A detenção de Khalil deve ser vista no contexto do esforço concentrado da Autoridade Palestina em silenciar e intimidar jornalistas palestinos que ousam criticar a liderança palestina e suas instituições.
O Sindicato dos Jornalistas Palestinos e grupos de direitos humanos na Cisjordânia e Faixa de Gaza vêm condenando a decisão de deter Khalil e de fechar os escritórios de seu jornal.
No entanto, a maioria dos grupos de direitos humanos do Ocidente, que normalmente condena Israel pelas suas ações contra os palestinos, como de costume não respondeu a esse último ataque contra as liberdades públicas cometidas pela Autoridade Palestina. É um açoite à liberdade de expressão que aparentemente não incomoda ninguém, a não ser a nós mesmos.
Os casos de Al-Araby Al-Jadeed e Naela Khalil, a jornalista detida em Ramala, demonstram que a liderança da Autoridade Palestina, na realidade, não tolera nenhuma crítica. As autoridades palestinas acusaram o jornal e sua jornalista de "incitamento" contra a Autoridade Palestina. Entretanto essa é a mesma Autoridade Palestina que há muito tempo está empenhada em uma enorme campanha de incitamento contra Israel, principalmente nas últimas semanas.
É patente que a Autoridade Palestina quer que a mídia noticie tão somente casos contra Israel. O único incitamento permitido é aquele direcionado contra aquele país. Os jornalistas palestinos que promovem incitamento contra Israel estão seguros, eles não sofrem nenhum tipo de hostilidade por parte das forças de segurança da Autoridade Palestina. Mas se um jornalista ou um veículo de mídia ousar publicar qualquer matéria que seja considerada "ofensiva" pela Autoridade Palestina, os responsáveis pela publicação e/ou o repórter estará(ão) de imediato atrás das grades em Ramala.
É proibido criticar o Presidente Mahmoud Abbas ou qualquer alta autoridade ligada a ele. Também é proibido relatar qualquer violação de direitos humanos ou torturas perpetradas nas prisões da Autoridade Palestina.

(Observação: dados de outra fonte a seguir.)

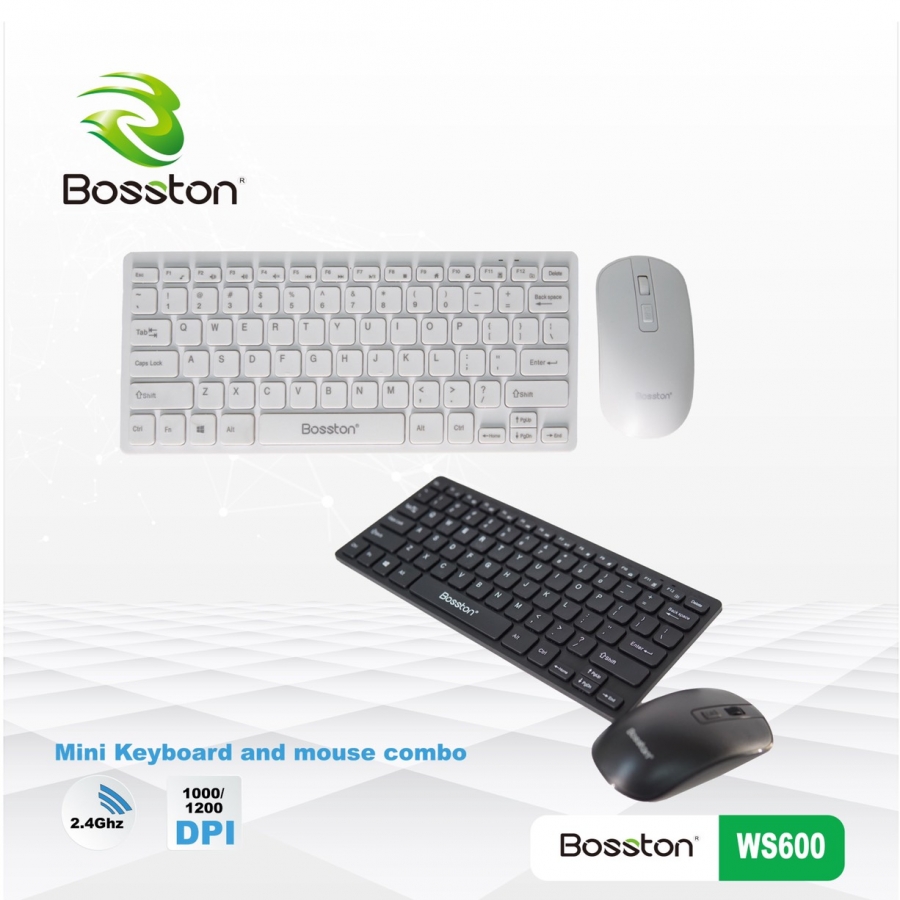 Combo phím chuột Ko Dây Mini Bosston WS600 (Đen, Trắng)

Nos últimos anos inúmeros palestinos foram presos ou intimados a se submeterem a interrogatórios, por publicarem posts com comentários negativos a respeito de Abbas e demais autoridades palestinas no Facebook.
Contudo essa não é uma história que interessa fazer cobertura para a maioria dos jornalistas ocidentais ou supostos grupos de direitos humanos. Uma história que reflete de forma negativa a Autoridade Palestina ou o Hamas não é uma "notícia digna de ser impressa". A repressão da Autoridade Palestina contra a mídia não irá chamar a atenção da grande mídia no Ocidente, porque conforme assinala o repórter de esquerda da Associated Press Matti Friedman, o premiado jornalista Khaled Abu Toameh e outros, histórias desse quilate carecem de um ângulo anti-Israel. Se o jornal Al-Araby Al-Jadeed tivesse sido fechado pelas autoridades israelenses, a história provavelmente seria publicada nas primeiras páginas na maioria dos jornais dos Estados Unidos e da Europa.
Se fosse esse o caso, tanto a Autoridade Palestina quanto o Presidente Abbas não teriam com que se preocupar com respeito à reação da comunidade internacional aos persistentes ataques contra a liberdade de expressão. Eles podem continuar prendendo quantos jornalistas eles quiserem e fechar escritórios de jornais sem se preocuparem com a reação adversa da mídia com os assim chamados grupos de direitos humanos ou a comunidade internacional.
A Autoridade Palestina agora exige proteção internacional para os seus jornalistas contra os "ataques" dos israelenses. A verdadeira pergunta que as organizações internacionais de direitos humanos precisam fazer à Autoridade Palestina quando seus líderes os chamam para reclamar sobre as "violações" israelenses é:
quem irá proteger os jornalistas palestinos da Autoridade Palestina e de suas forças de segurança?